= What the exercise asks =
Among the lines below, output only those between the line holding "The nuclei of" and the line holding "You can see at", inclusive, exactly as written and with no pictures.
---------- Dataset records ----------
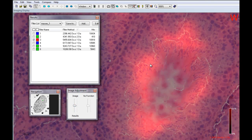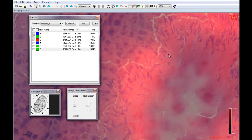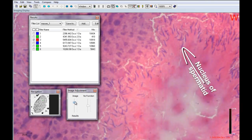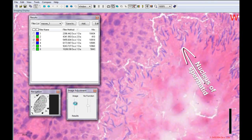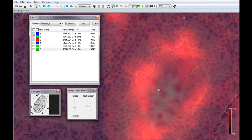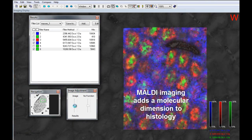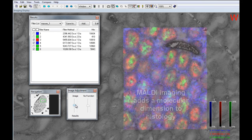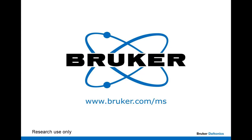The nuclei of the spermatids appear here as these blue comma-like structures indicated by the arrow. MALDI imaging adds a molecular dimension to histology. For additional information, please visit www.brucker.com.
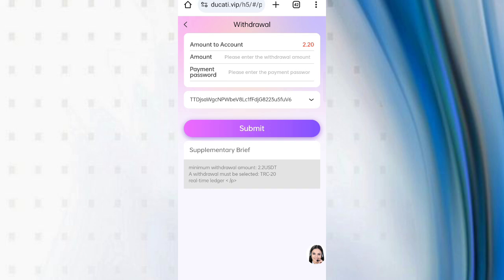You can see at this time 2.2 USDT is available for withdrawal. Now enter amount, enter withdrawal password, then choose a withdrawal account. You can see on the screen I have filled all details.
----------
---------- Dataset records ----------
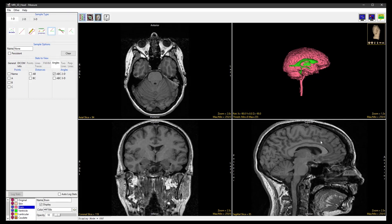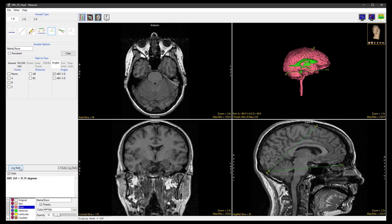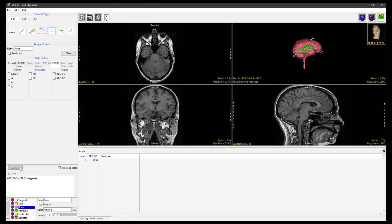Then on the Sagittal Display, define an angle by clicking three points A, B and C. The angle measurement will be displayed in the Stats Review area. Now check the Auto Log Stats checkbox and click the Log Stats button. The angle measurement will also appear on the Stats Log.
----------
---------- Dataset records ----------
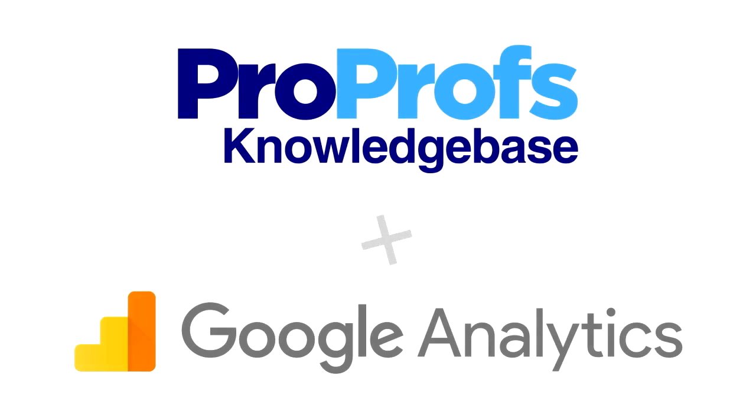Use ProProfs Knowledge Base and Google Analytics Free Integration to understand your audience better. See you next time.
----------
= Response to the exercise =
The nuclei of the spermatids appear here as these blue comma-like structures indicated by the arrow. MALDI imaging adds a molecular dimension to histology. For additional information, please visit www.brucker.com.
You can see at this time 2.2 USDT is available for withdrawal. Now enter amount, enter withdrawal password, then choose a withdrawal account. You can see on the screen I have filled all details.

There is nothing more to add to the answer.